There is a widespread feeling that summer 2001 has been a particularly rotten one for new releases, even by the grim standards of the late 1990s. What may go down in history as the Summer of Sequels (Rush Hour, American Pie, Jurassic Park, Dr Dolittle) or the Summer of Computer- Generated Actors (Final Fantasy) is equally likely to be remembered for its extreme shortage of critical successes.
If I rack my brains for one hit movie that got great reviews, I can only come up with Shrek, and somehow that doesn't feel like very much. Elsewhere, it has been Pearl Harbor this (a flop compared to the massive expectations it raised), Evolution that ("the next Ghostbusters", my ass), Final Fantasy the other - a series of aesthetically horrible disappointments, with only occasional upsets like The Fast and The Furious to spice up the mix.
And still they come: The Score, American Sweethearts, Planet of the Apes, even the fondly awaited American Pie 2: all horribly predictable, artistically offensive, insultingly lowly in their ambitions. The only surprise is that there are no surprises whatsoever.
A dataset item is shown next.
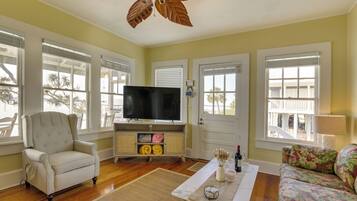 Cottage (2 Bedrooms) | Interior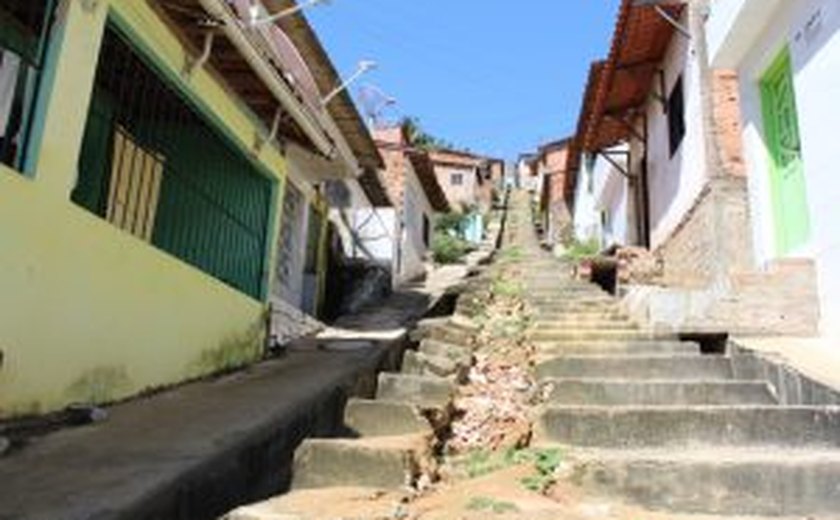 Mulher cai de escadaria na Grota de Maragogi e fica ferida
Or only one. The shocker is that, despite all this, 2001 may end up breaking the $2.7 billion box-office records set during the (apparently halcyon) summer of 1999. But anyone who has kept an eye on the box-office charts this summer is aware that every weekend there has been one clear leader among the new releases, and that it, too, will be toppled by another movie that lacks the staying power to last more than a week at number one. Every big release will top out in week one, then see its second week's takings plummet by between 50 and 80 per cent.
Averaging things out, this has happened to every blockbuster this year, going right back to Memorial Day and The Mummy Returns, which sold $68.1 million worth of tickets in its first three days, followed by less than half that in its second week. Likewise Jurassic Park III, which dropped off by 56 per cent, and Planet of the Apes, which fell by 60 per cent. All these second-week cash-haemorrhages are of an order of business that industry-watchers generally refer to as "staggering".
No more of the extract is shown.